YOUR GOAL = Verbatim copy without images: repeat the records in full.

EXERCISE DATA =
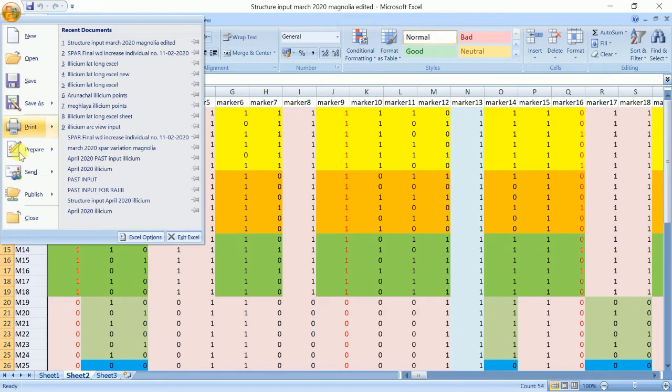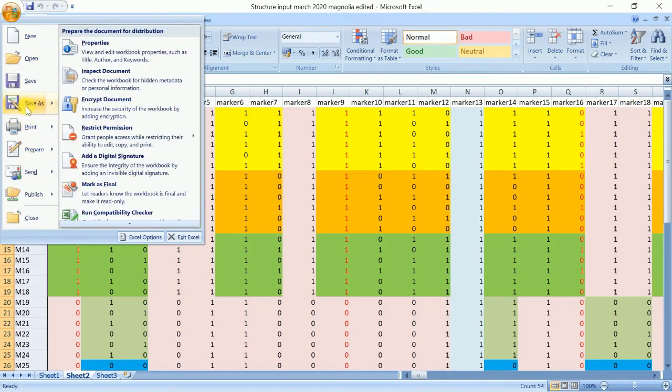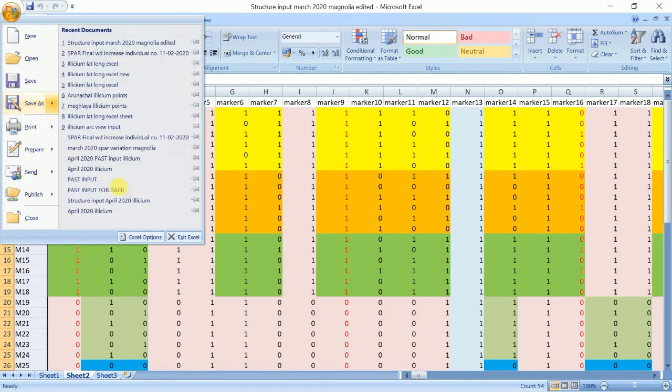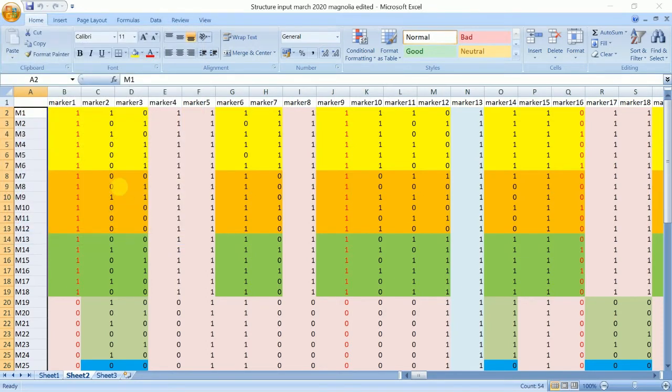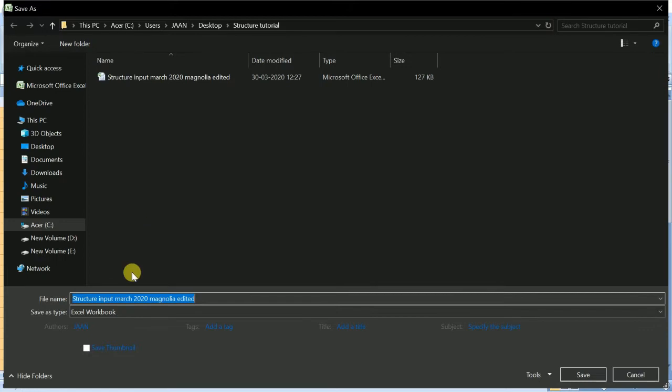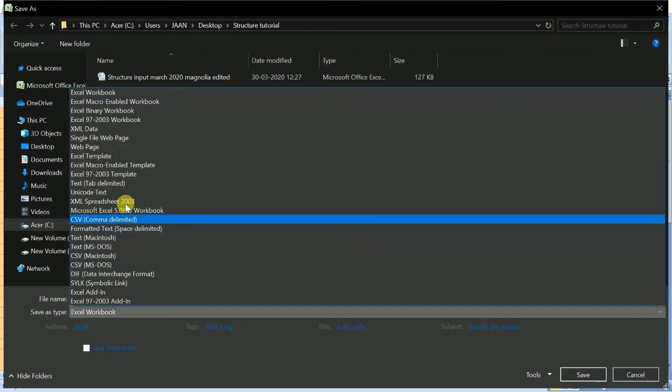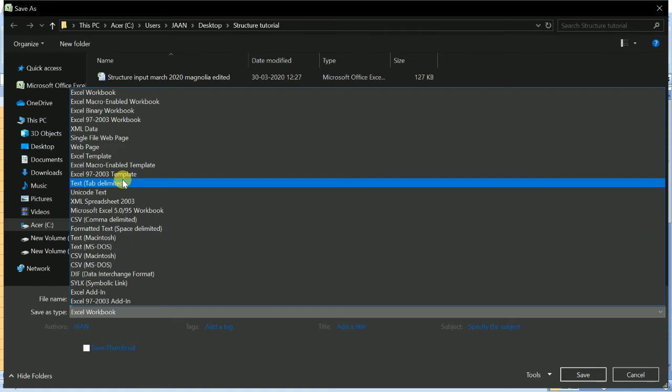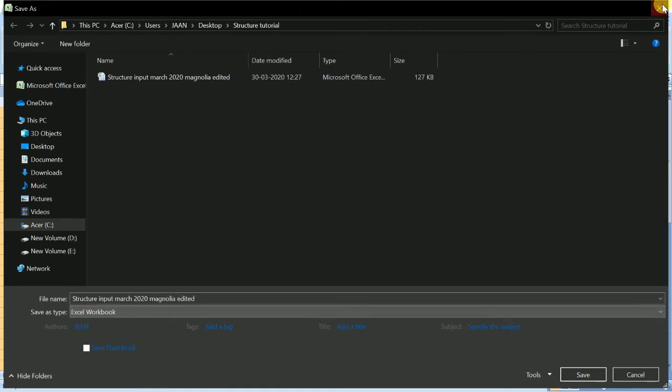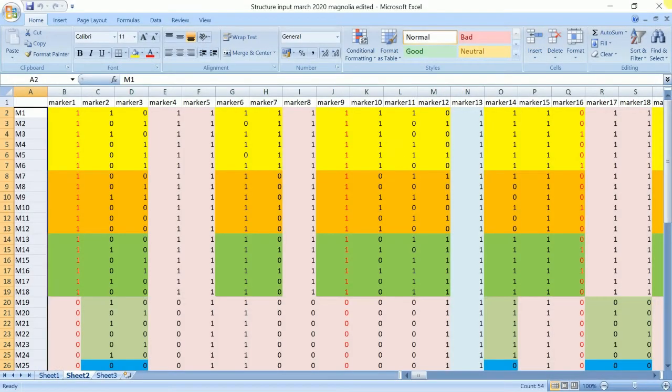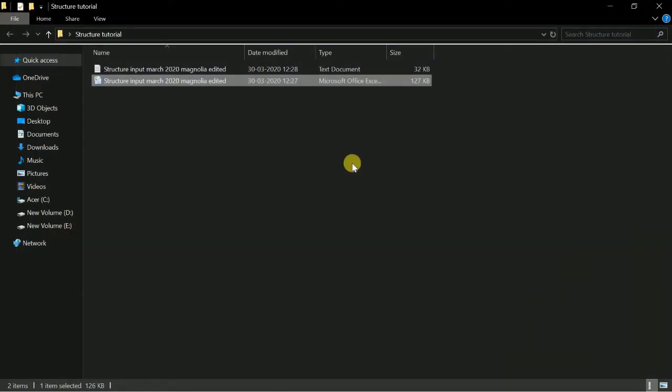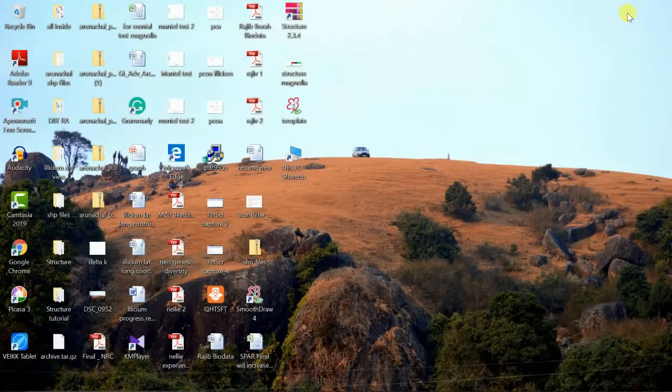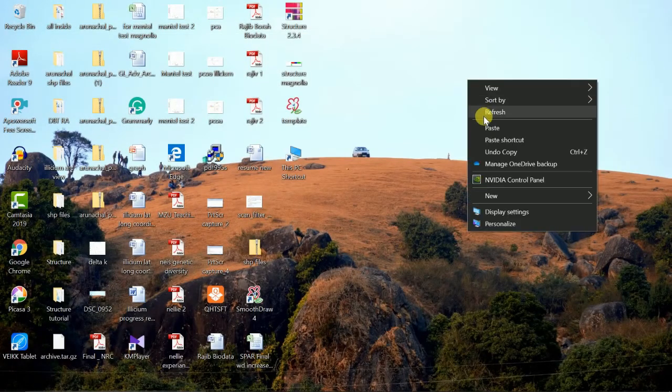You have to save it in text tab delimited. I have already saved it, and it looks like this. This is the file that will go into the STRUCTURE. So what we will do is we will just open the STRUCTURE software now.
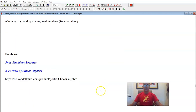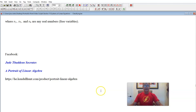There you have it — that is our video for today. You can find me and the fourth edition on Facebook and at kendallhunt.com. Thank you so much for watching, and we will see you next time.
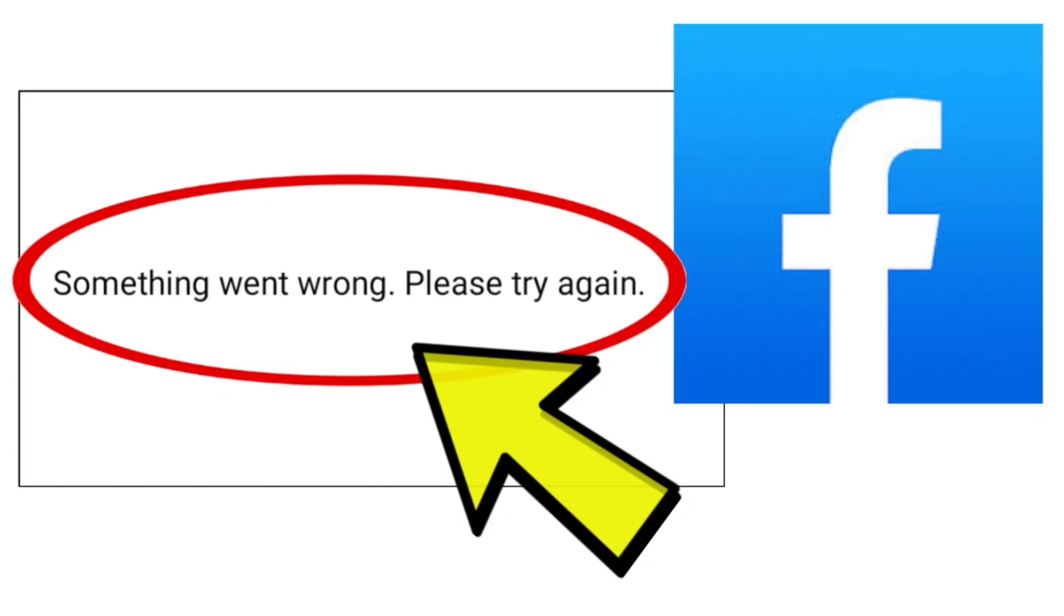Here are some methods to fix the something went wrong, please try again error on the Facebook app.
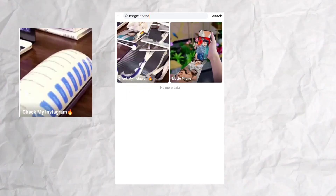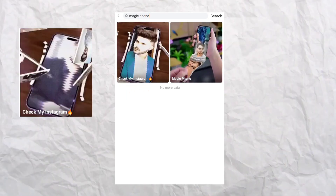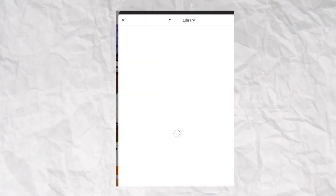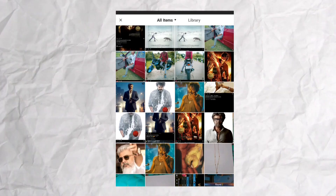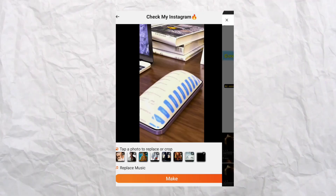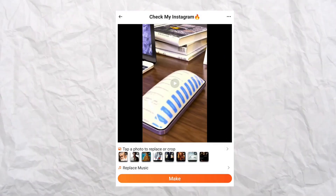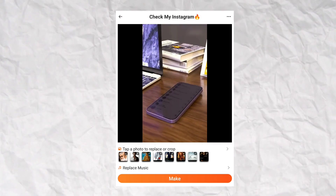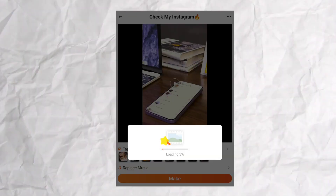If you want to see the phone blasts, you will click on the phone blasts. Now, if you want to add the images, just add the images.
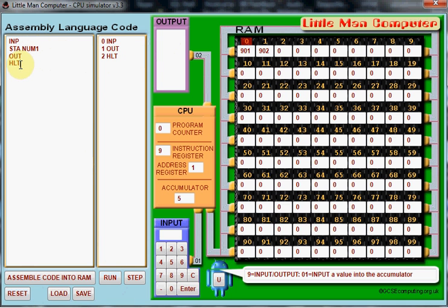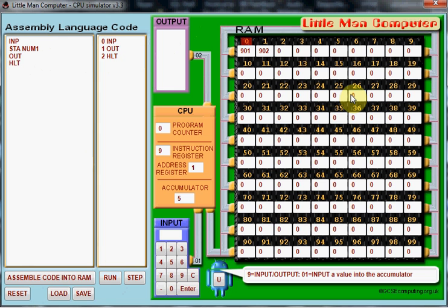Now, the other thing to remember is that when you store a number we have to reserve one of these mailboxes for that number because the Little Man Computer does use the mailboxes for instructions as well as storage. So, it's really important we reserve a mailbox for the number we're going to store. And to do that, we simply type in the variable number which is num1 in this case and DAT, which is data.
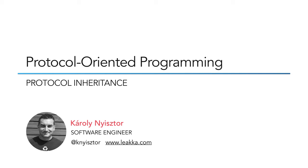Protocol inheritance is one of the pillars of protocol-oriented programming. Without protocol inheritance, we'd be forced to squeeze all the required functionality in a single protocol.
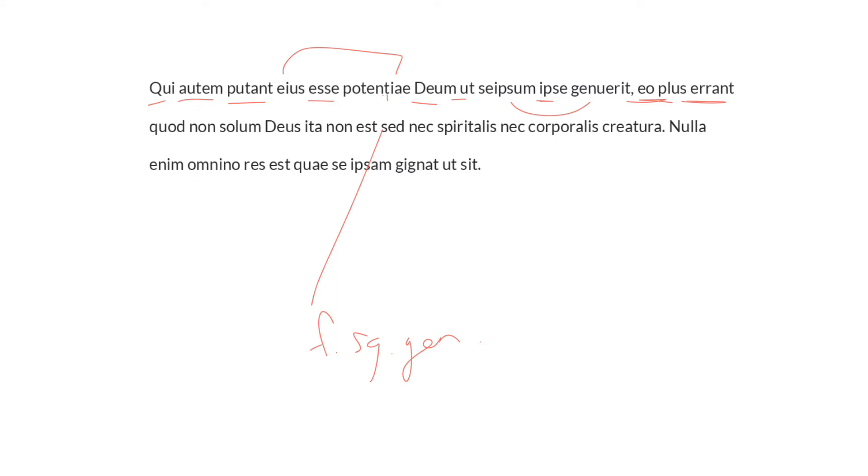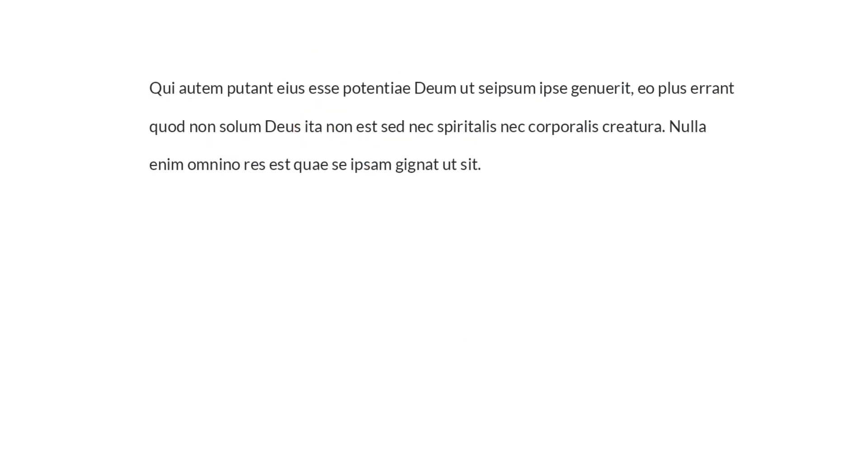Because, non solum, not only is God not like that, does God not exist in this way, but neither does a spiritual nor a corporal creature. And here is the reason why.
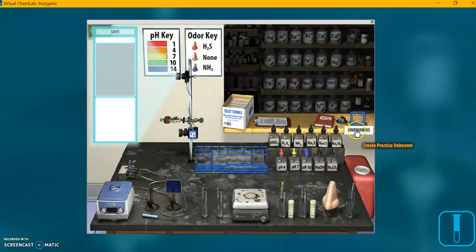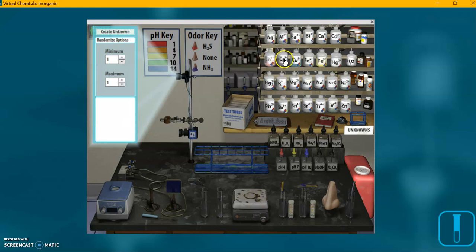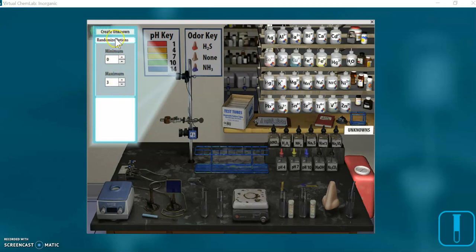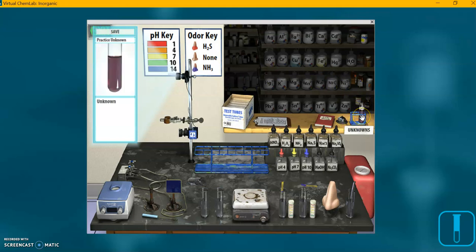I'm coming over here where it says unknowns and clicking the unknown label. Now we're creating a practice unknown with the same ions, so I'm again clicking on cobalt, chromium, and copper. Over here, this controls the practice unknown. I'm setting the minimum to zero, meaning our practice unknown could have none of those ions in it, and the maximum to three, so it could have all three ions, two of them, just one, or none at all — just water. I'm clicking Create Unknown, and immediately it creates a practice unknown for us.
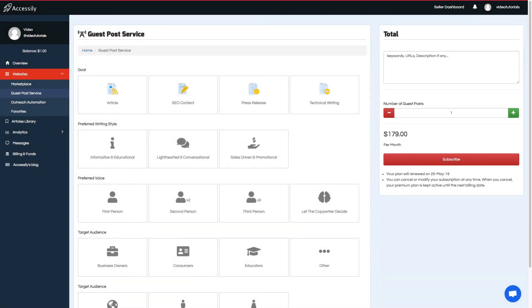From there, we'll handle the rest. You'll get a monthly report for each guest post that's published. Happy guest posting from the Accessily team! Thank you!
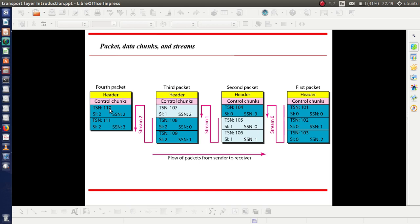Similarly, the next data chunks have TSNs 108, 109, 110, and 111. These belong to stream SI 2, represented in a different color. Within that stream, TSN 108 has SSN 0, TSN 109 has SSN 1, TSN 110 has SSN 2, and TSN 111 has SSN 3. This is the relationship between data chunks, streams, and packets.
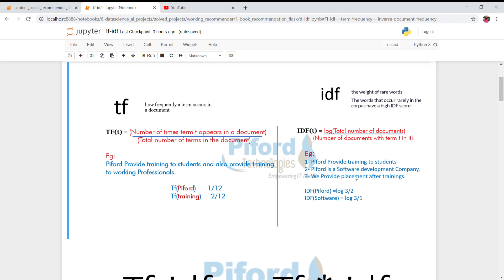To calculate the IDF of 'Pipet': total rows = 3, and 'Pipet' appears in the first and second lines but not the third, so IDF = log(3/2). For 'software': it only appears in one row, so IDF = log(3/1). The word appearing in fewer documents gets a higher IDF value, meaning it is rarer and more significant.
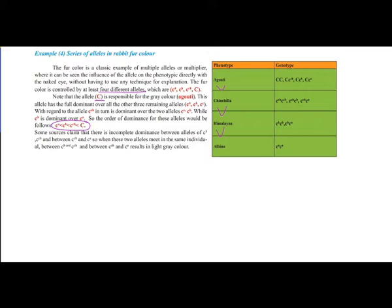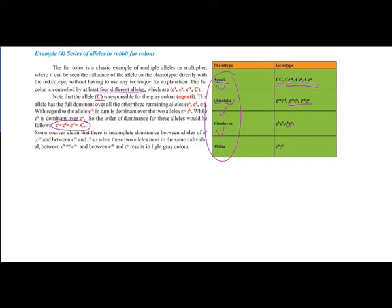We focus on this dominance order. There are multiple possible genotypes: because agouti is fully dominant over all four, there are four different genotypes for it — one pure dominant and three hybrid dominants. For chinchilla dominant over two, there are two hybrids. Himalayan dominant over albino has one hybrid, and albino, being recessive to all, must be pure.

ANSWER SECTION =
You have to save it in text tab delimited. I have already saved it, and it looks like this. This is the file that will go into the STRUCTURE. So what we will do is we will just open the STRUCTURE software now.
There you have it — that is our video for today. You can find me and the fourth edition on Facebook and at kendallhunt.com. Thank you so much for watching, and we will see you next time.
Here are some methods to fix the something went wrong, please try again error on the Facebook app.
If you want to see the phone blasts, you will click on the phone blasts. Now, if you want to add the images, just add the images.
Now, the other thing to remember is that when you store a number we have to reserve one of these mailboxes for that number because the Little Man Computer does use the mailboxes for instructions as well as storage. So, it's really important we reserve a mailbox for the number we're going to store. And to do that, we simply type in the variable number which is num1 in this case and DAT, which is data.
Protocol inheritance is one of the pillars of protocol-oriented programming. Without protocol inheritance, we'd be forced to squeeze all the required functionality in a single protocol.
Because, non solum, not only is God not like that, does God not exist in this way, but neither does a spiritual nor a corporal creature. And here is the reason why.
I'm coming over here where it says unknowns and clicking the unknown label. Now we're creating a practice unknown with the same ions, so I'm again clicking on cobalt, chromium, and copper. Over here, this controls the practice unknown. I'm setting the minimum to zero, meaning our practice unknown could have none of those ions in it, and the maximum to three, so it could have all three ions, two of them, just one, or none at all — just water. I'm clicking Create Unknown, and immediately it creates a practice unknown for us.
From there, we'll handle the rest. You'll get a monthly report for each guest post that's published. Happy guest posting from the Accessily team! Thank you!
Similarly, the next data chunks have TSNs 108, 109, 110, and 111. These belong to stream SI 2, represented in a different color. Within that stream, TSN 108 has SSN 0, TSN 109 has SSN 1, TSN 110 has SSN 2, and TSN 111 has SSN 3. This is the relationship between data chunks, streams, and packets.
To calculate the IDF of 'Pipet': total rows = 3, and 'Pipet' appears in the first and second lines but not the third, so IDF = log(3/2). For 'software': it only appears in one row, so IDF = log(3/1). The word appearing in fewer documents gets a higher IDF value, meaning it is rarer and more significant.
We focus on this dominance order. There are multiple possible genotypes: because agouti is fully dominant over all four, there are four different genotypes for it — one pure dominant and three hybrid dominants. For chinchilla dominant over two, there are two hybrids. Himalayan dominant over albino has one hybrid, and albino, being recessive to all, must be pure.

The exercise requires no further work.